Lors des deux grands débats de l’année 1885 consacrés à cette question, c’est pourtant le même Jules Ferry qui, redevenu simple député, se fait encore l’avocat de la politique coloniale. Le premier, du 25 au 30 juillet, porte sur l’octroi au gouvernement d’un crédit extraordinaire pour poursuivre à Madagascar une guerre dont la finalité non avouée était bel et bien la conquête, à terme, de la totalité de la Grande Île. Le second, le plus incertain, où le vote final ne sera acquis que d’extrême justesse et où une dénonciation encore plus vigoureuse de ces guerres lointaines est formulée, a lieu dans les derniers jours de cette même année, du 17 au 24 décembre.

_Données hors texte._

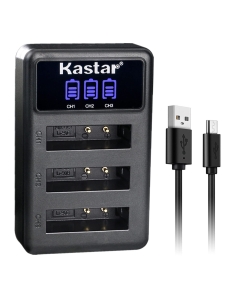 Kastar LCD Triple USB Battery Charger Compatible with Olympus Stylus TG-1, Stylus TG-1 iHS, Stylus TG-2 iHS, Stylus TG-2, Stylus TG-3, Stylus TG-4, Stylus TG-5, Stylus TG-Tracker Cameras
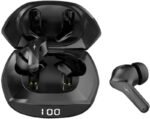 Ajazz A1 TWS Bluetooth 5.0 Earbuds Wireless In-ear Gaming Low-latency Digital Headset (Black) - Image 2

Il faut dire qu’entre ces deux débats se sont tenues, les 4 et 18 octobre, des élections législatives au cours desquelles le « parti colonial » – c’est-à-dire les candidats favorables aux conquêtes coloniales, appartenant pour la plupart au centre et au parti qu’on appelle les « modérés » ou les « opportunistes » – avait connu un net revers. Lors de ce scrutin, en effet, à gauche, les radicaux, avec 168 élus majoritairement hostiles à la politique coloniale, avaient progressé au détriment des opportunistes (206 députés), tandis que la droite monarchiste et bonapartiste étaient sortie grand vainqueur avec 220 députés au lieu de 90.

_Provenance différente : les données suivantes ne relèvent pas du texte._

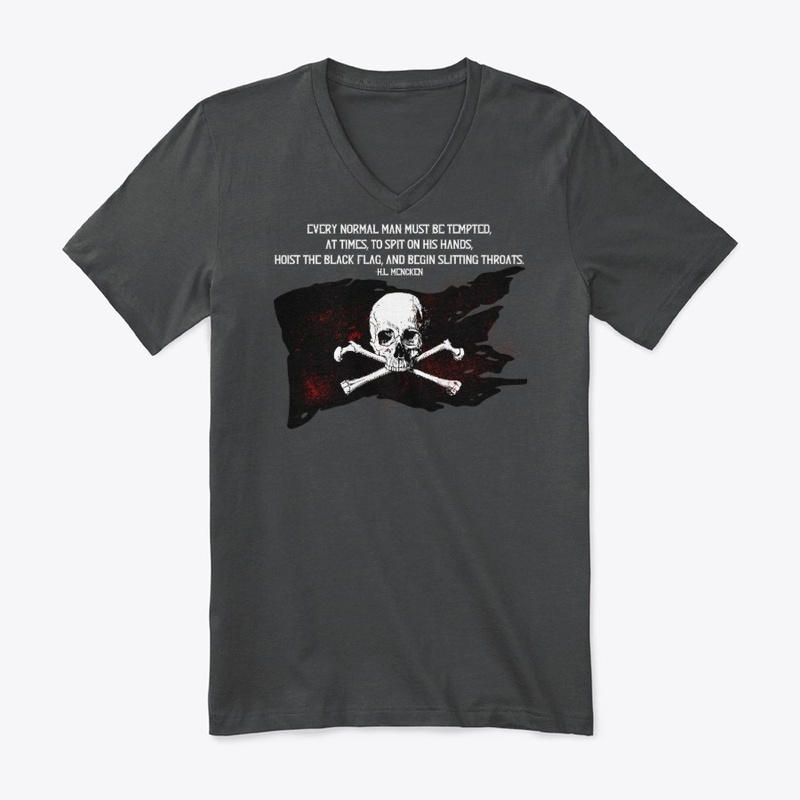Black Flag Slitting Throats Tee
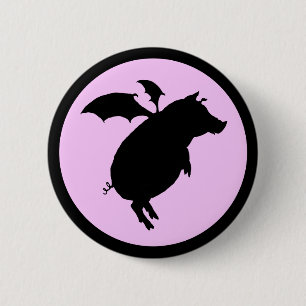 Badge Rond 5 Cm Voler porcin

Ces deux débats prennent place au lendemain de la conférence internationale de Berlin, où les puissances européennes se sont reconnues mutuellement le droit de se livrer à toutes les conquêtes coloniales en Afrique, sous réserve d’en faire des possessions durables et de s’entendre entre elles pour ne pas se disputer ces territoires. Dans sa lettre d’invitation, Bismarck leur avait proposé de se mettre d’accord sur les règles communes à observer dans les régions « dont aucun pays civilisé n’a encore pris possession ». Ouverte le 15 novembre 1884 avec quatorze États représentés – l’Allemagne, la France, l’Autriche-Hongrie, la Belgique, le Danemark, l’Espagne, les États-Unis, l’Angleterre, l’Italie, la Suède, la Norvège, les Pays-Bas, le Portugal, la Russie et l’Empire ottoman – et hors de toute représentation des Africains, les principaux concernés, la conférence s’est terminée le 26 février 1885 par un Acte final dont les articles 34 et 35 définissent une sorte de code de bonne conduite pour les conquêtes à venir. Il est fondé sur les règles suivantes : toute prise de possession d’un territoire devra être aussitôt notifiée aux autres puissances signataires afin qu’elles puissent faire valoir leurs éventuelles réclamations ; pas d’annexion sans occupation réelle ; et droit pour toute puissance installée sur une côte d’étendre son territoire à l’intérieur jusqu’à ce qu’elle rencontre une autre possession organisée.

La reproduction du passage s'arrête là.